:: Given records

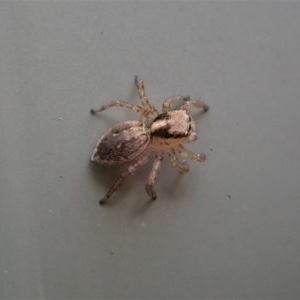 Maratus pavonis at Cook, ACT - 2 Nov 2020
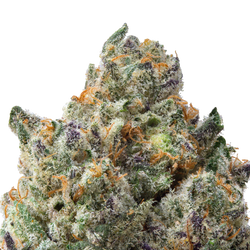 Animal Face THCa Flower macro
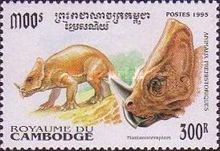 Montanoceratops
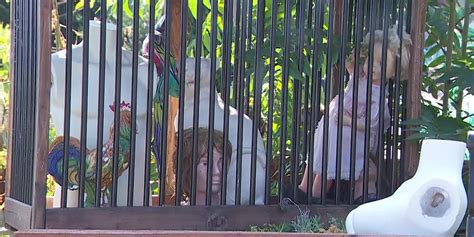 Resident sues neighbor after hoarding allegedly caused rat infestation ...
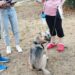 Θεσσαλονίκη: Έλεγχοι σε δεσποζόμενα ζώα – «Έπεσαν» πρόστιμα (ΦΩΤΟ)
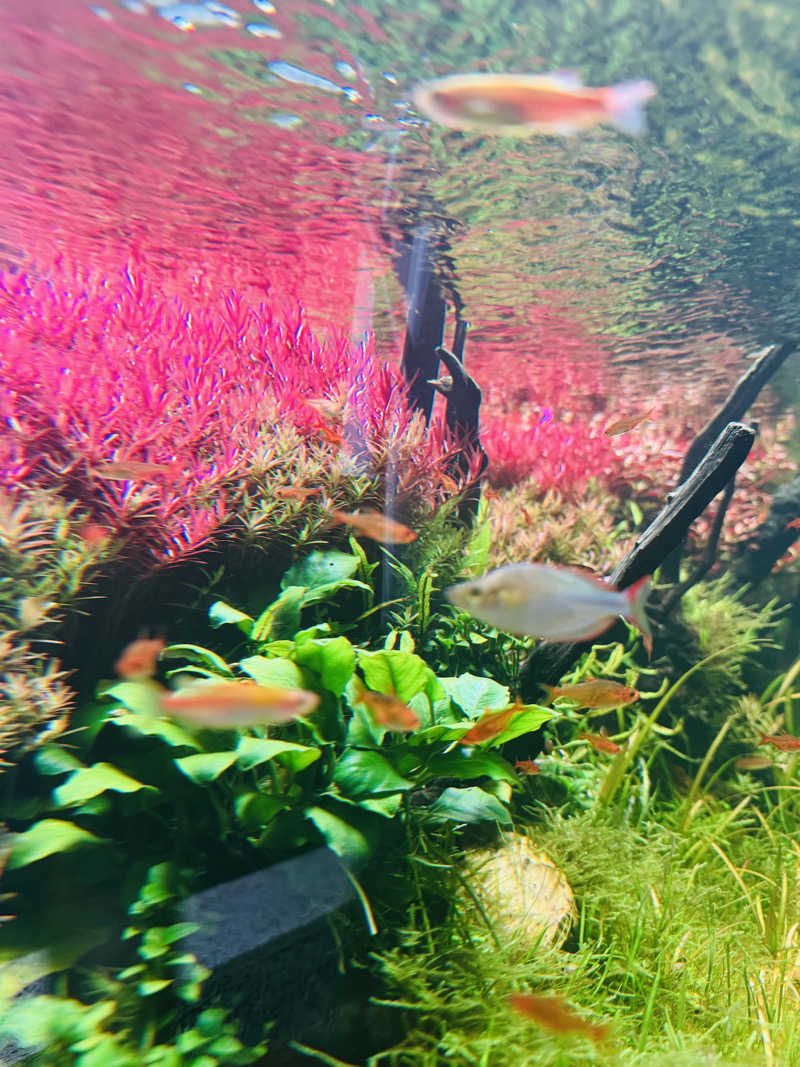 日々太 🥷|SSCさんのSAUNA煌ｰKOUｰのサ活写真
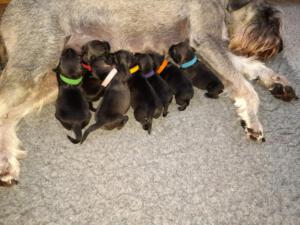 IMG-20210409-WA0015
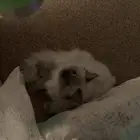 قطة للتزاوج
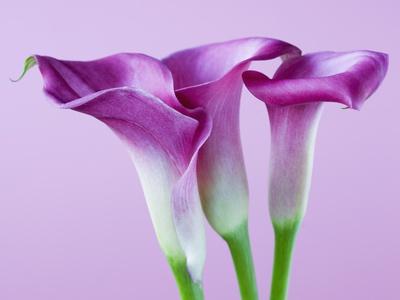 Premium Photographic Print, , small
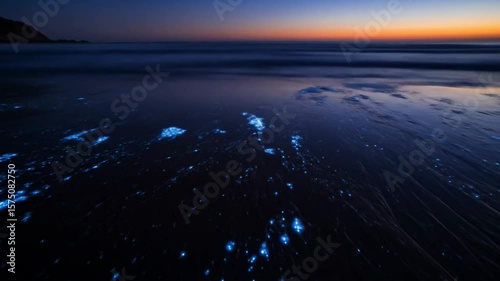Glowing Bioluminescence on Beach at Dusk - Natural Phenomenon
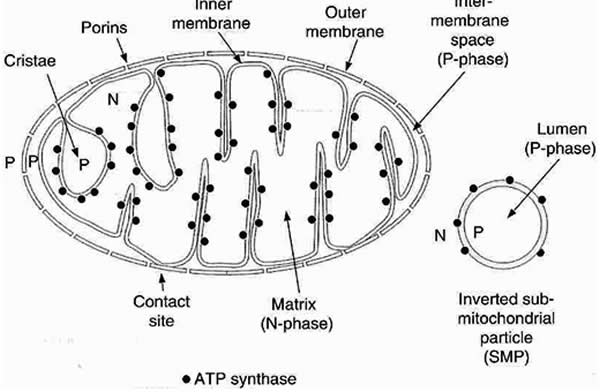 mitochondria structure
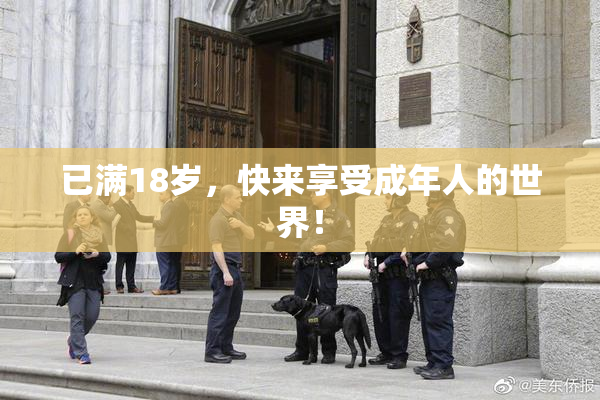 已满18岁，快来享受成年人的世界！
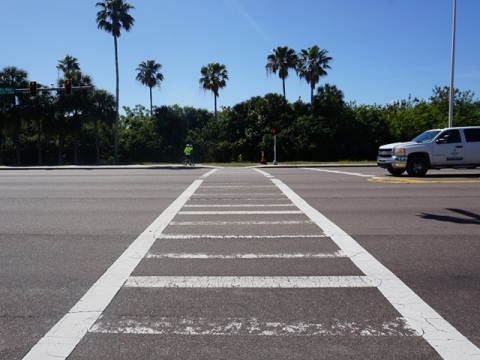 Bayshore Trail Clearwater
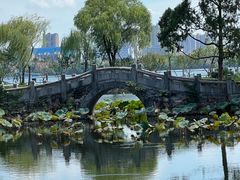 -无锡蠡湖国家湿地公园-蠡园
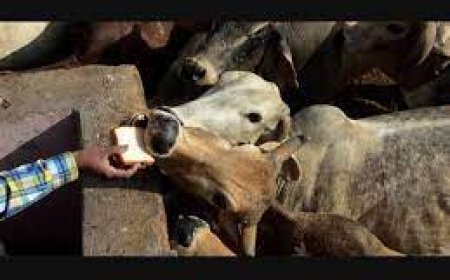 ലൈവ് സ്റ്റോക്ക് ഇൻസ്‌പെക്ടർമാരുടെ പരിശീലന പരിപാടിയ്ക്ക് തുടക്കമായി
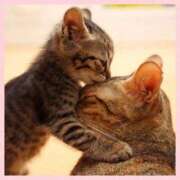 ヒメ日記 2025/09/28 16:36 投稿 志乃 熟女の風俗最終章 横浜本店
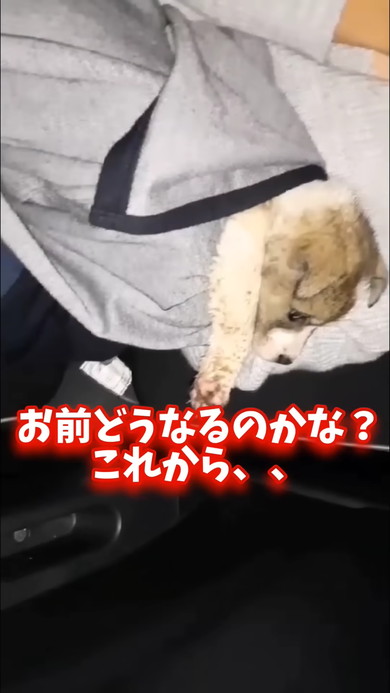 男の子と見つめ合う子犬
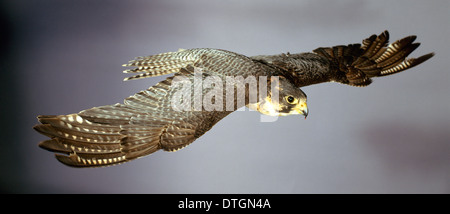Le faucon pèlerin (Falco peregrinus), Banque D'Images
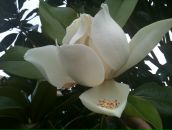 Мария Куриленко фотография #43 (источник - https://vk.com/id2772372)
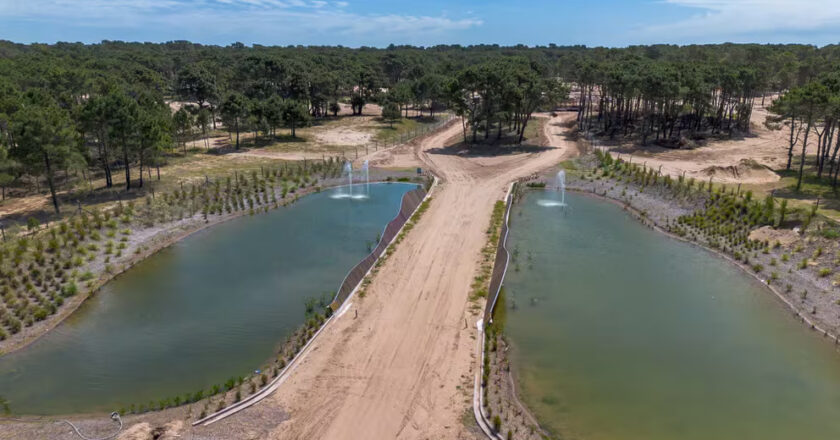 Bosques de pinos, confort y mar: cómo es el barrio residencial que ofrece un innovador concepto para disfrutar de Pinamar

::::

→ **How to complete this task**:
The entries are to be transcribed in full. Their pictures are not.

→ **Answer for this exercise**:
 Maratus pavonis at Cook, ACT - 2 Nov 2020
 Animal Face THCa Flower macro
 Montanoceratops
 Resident sues neighbor after hoarding allegedly caused rat infestation ...
 Θεσσαλονίκη: Έλεγχοι σε δεσποζόμενα ζώα – «Έπεσαν» πρόστιμα (ΦΩΤΟ)
 日々太 🥷|SSCさんのSAUNA煌ｰKOUｰのサ活写真
 IMG-20210409-WA0015
 قطة للتزاوج
 Premium Photographic Print, , small
Glowing Bioluminescence on Beach at Dusk - Natural Phenomenon
 mitochondria structure
 已满18岁，快来享受成年人的世界！
 Bayshore Trail Clearwater
 -无锡蠡湖国家湿地公园-蠡园
 ലൈവ് സ്റ്റോക്ക് ഇൻസ്‌പെക്ടർമാരുടെ പരിശീലന പരിപാടിയ്ക്ക് തുടക്കമായി
 ヒメ日記 2025/09/28 16:36 投稿 志乃 熟女の風俗最終章 横浜本店
 男の子と見つめ合う子犬
Le faucon pèlerin (Falco peregrinus), Banque D'Images
 Мария Куриленко фотография #43 (источник - https://vk.com/id2772372)
 Bosques de pinos, confort y mar: cómo es el barrio residencial que ofrece un innovador concepto para disfrutar de Pinamar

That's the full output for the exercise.